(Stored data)
>>>>>

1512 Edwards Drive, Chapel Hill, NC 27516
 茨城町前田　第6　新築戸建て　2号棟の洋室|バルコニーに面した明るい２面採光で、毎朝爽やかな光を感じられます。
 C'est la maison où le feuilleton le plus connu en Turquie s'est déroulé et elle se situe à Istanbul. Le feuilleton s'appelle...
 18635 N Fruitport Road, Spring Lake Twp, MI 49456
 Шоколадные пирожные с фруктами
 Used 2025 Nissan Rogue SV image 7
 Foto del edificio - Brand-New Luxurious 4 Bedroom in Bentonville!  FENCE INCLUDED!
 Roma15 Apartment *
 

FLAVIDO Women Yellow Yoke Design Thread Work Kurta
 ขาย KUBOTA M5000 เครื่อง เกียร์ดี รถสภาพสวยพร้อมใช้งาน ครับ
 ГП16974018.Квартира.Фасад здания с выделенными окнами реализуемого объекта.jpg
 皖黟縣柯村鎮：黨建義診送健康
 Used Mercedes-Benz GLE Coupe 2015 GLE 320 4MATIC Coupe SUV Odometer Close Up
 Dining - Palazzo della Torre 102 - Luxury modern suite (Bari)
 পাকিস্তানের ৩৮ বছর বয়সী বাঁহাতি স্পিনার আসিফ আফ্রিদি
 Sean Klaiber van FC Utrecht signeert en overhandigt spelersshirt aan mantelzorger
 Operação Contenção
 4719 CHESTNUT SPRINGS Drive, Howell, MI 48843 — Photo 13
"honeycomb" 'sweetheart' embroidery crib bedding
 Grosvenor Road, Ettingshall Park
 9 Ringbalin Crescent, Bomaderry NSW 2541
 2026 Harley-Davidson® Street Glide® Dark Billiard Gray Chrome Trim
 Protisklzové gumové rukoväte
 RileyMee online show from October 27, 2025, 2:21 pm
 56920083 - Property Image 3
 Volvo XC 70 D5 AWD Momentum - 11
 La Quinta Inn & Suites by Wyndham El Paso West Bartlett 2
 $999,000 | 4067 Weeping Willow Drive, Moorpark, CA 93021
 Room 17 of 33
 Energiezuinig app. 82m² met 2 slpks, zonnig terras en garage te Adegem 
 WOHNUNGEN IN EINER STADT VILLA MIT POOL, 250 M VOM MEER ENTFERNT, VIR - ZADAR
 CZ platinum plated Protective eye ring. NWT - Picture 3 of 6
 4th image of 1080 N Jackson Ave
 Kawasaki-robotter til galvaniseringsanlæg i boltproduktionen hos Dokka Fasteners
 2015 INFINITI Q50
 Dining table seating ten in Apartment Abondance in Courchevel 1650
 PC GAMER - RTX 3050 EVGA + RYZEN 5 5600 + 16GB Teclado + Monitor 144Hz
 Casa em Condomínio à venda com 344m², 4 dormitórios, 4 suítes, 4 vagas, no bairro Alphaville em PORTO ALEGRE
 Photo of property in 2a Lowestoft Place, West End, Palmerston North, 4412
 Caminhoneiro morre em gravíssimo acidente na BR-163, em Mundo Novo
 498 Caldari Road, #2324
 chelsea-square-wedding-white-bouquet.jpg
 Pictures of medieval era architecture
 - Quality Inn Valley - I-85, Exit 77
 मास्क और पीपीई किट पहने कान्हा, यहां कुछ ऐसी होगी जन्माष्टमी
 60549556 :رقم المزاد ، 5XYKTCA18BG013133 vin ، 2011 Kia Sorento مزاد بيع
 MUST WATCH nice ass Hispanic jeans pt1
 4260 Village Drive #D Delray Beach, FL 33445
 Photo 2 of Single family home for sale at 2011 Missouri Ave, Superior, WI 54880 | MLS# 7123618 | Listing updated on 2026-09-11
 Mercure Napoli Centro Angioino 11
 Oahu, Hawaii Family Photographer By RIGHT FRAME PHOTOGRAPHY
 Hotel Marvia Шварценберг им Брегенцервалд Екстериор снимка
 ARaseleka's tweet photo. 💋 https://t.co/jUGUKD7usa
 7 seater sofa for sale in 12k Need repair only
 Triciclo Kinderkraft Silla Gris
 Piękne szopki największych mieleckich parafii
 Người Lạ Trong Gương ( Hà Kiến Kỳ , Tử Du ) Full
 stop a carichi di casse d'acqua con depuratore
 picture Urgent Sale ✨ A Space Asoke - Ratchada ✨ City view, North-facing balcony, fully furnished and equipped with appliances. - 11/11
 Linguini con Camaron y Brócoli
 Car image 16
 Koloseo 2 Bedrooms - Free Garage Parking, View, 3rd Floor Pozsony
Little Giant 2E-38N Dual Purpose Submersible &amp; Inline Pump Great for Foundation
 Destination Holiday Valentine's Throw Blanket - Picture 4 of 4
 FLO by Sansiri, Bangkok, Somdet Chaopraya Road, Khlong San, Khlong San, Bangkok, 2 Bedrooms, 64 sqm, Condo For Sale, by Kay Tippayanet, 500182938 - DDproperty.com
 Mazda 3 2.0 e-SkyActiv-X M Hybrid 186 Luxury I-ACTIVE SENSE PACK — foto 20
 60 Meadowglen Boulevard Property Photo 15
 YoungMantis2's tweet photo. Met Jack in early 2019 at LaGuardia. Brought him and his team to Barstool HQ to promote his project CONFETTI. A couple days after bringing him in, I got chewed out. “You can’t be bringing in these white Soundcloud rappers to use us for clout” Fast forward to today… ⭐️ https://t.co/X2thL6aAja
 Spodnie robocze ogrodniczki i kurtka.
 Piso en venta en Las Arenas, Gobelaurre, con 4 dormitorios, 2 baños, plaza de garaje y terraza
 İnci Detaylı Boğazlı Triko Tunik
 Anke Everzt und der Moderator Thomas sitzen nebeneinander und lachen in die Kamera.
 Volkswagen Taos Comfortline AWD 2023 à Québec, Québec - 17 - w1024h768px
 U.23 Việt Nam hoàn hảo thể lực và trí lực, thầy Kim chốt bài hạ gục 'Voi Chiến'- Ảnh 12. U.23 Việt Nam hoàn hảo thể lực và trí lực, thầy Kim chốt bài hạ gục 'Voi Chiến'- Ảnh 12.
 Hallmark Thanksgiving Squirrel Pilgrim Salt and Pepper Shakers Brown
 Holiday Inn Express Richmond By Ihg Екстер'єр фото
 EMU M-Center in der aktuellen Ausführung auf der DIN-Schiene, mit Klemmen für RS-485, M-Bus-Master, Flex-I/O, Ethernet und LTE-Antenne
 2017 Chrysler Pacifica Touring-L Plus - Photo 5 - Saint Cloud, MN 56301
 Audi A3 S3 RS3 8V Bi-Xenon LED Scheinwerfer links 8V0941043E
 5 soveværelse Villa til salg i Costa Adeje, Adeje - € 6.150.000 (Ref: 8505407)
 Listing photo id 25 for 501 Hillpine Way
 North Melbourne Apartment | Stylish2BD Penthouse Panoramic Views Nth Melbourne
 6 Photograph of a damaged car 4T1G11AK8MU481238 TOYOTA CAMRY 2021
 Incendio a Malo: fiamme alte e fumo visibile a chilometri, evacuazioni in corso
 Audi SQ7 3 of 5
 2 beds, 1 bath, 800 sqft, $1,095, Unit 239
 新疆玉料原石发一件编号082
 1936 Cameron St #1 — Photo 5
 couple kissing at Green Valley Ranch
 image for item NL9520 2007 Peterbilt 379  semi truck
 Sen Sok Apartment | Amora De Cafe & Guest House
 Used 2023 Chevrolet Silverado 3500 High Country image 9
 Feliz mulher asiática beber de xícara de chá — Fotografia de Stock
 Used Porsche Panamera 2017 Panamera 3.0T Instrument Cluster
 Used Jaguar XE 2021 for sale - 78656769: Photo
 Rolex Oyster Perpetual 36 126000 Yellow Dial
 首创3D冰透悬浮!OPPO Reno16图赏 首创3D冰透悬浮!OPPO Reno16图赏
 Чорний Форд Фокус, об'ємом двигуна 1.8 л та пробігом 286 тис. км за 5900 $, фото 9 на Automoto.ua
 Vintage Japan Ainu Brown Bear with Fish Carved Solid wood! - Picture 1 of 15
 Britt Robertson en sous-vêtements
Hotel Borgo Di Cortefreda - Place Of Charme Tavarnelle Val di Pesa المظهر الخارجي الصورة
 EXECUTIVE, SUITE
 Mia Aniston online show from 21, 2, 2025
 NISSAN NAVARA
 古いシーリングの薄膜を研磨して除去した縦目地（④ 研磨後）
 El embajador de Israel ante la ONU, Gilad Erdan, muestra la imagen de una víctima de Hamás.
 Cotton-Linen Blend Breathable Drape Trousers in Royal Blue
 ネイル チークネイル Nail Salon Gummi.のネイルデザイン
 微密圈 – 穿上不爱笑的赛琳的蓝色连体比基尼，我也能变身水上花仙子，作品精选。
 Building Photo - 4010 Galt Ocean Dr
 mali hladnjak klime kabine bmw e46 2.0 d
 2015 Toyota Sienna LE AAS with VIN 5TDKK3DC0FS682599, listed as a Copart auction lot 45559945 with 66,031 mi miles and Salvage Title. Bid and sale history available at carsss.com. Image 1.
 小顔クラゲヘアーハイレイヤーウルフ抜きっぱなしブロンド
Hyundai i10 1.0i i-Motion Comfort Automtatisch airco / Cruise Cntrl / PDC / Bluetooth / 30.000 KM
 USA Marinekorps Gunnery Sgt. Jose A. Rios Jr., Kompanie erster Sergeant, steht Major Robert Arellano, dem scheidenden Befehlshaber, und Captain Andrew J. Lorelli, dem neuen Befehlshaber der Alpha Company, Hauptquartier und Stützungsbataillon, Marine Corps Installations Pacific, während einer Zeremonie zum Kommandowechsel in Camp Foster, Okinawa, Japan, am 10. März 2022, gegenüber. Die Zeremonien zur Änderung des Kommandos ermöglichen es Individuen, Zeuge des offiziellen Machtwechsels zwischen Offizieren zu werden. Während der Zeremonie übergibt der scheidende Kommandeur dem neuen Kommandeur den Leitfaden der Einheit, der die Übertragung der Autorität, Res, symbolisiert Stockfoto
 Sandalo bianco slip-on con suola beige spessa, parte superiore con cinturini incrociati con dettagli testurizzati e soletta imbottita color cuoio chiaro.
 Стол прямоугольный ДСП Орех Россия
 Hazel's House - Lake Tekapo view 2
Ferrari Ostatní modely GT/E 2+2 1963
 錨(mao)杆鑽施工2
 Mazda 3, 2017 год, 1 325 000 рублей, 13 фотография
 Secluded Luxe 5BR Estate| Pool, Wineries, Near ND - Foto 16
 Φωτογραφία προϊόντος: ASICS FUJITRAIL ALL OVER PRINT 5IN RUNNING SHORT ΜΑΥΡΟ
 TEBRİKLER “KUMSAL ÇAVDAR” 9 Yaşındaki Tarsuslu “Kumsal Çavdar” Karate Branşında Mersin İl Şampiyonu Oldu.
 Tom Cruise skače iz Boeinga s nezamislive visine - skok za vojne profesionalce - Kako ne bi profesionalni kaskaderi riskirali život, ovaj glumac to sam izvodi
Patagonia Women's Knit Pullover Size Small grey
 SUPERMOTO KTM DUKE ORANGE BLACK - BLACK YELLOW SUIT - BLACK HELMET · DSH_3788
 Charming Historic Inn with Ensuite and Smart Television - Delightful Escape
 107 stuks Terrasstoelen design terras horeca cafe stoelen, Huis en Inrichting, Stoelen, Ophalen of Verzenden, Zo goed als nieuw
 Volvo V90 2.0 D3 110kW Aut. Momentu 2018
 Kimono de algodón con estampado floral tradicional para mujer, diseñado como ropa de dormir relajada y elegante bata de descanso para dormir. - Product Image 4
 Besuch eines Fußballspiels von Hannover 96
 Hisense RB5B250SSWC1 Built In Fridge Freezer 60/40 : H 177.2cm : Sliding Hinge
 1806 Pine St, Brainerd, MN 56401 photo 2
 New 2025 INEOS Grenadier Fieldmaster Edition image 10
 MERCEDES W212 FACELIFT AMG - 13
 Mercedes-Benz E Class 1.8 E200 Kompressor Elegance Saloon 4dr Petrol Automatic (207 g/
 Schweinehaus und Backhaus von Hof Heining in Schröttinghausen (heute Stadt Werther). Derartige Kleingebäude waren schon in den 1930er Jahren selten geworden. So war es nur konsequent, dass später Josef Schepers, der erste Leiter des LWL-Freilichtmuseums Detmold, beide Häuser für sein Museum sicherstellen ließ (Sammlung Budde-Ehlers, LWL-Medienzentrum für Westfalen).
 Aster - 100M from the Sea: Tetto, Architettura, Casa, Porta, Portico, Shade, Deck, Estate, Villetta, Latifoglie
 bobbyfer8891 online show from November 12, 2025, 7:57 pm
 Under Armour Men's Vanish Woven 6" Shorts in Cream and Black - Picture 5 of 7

<<<<<

* The problem: Among the lines above, which ones include the word "Estate"? Copy them.

* Task response:
 Secluded Luxe 5BR Estate| Pool, Wineries, Near ND - Foto 16
 Aster - 100M from the Sea: Tetto, Architettura, Casa, Porta, Portico, Shade, Deck, Estate, Villetta, Latifoglie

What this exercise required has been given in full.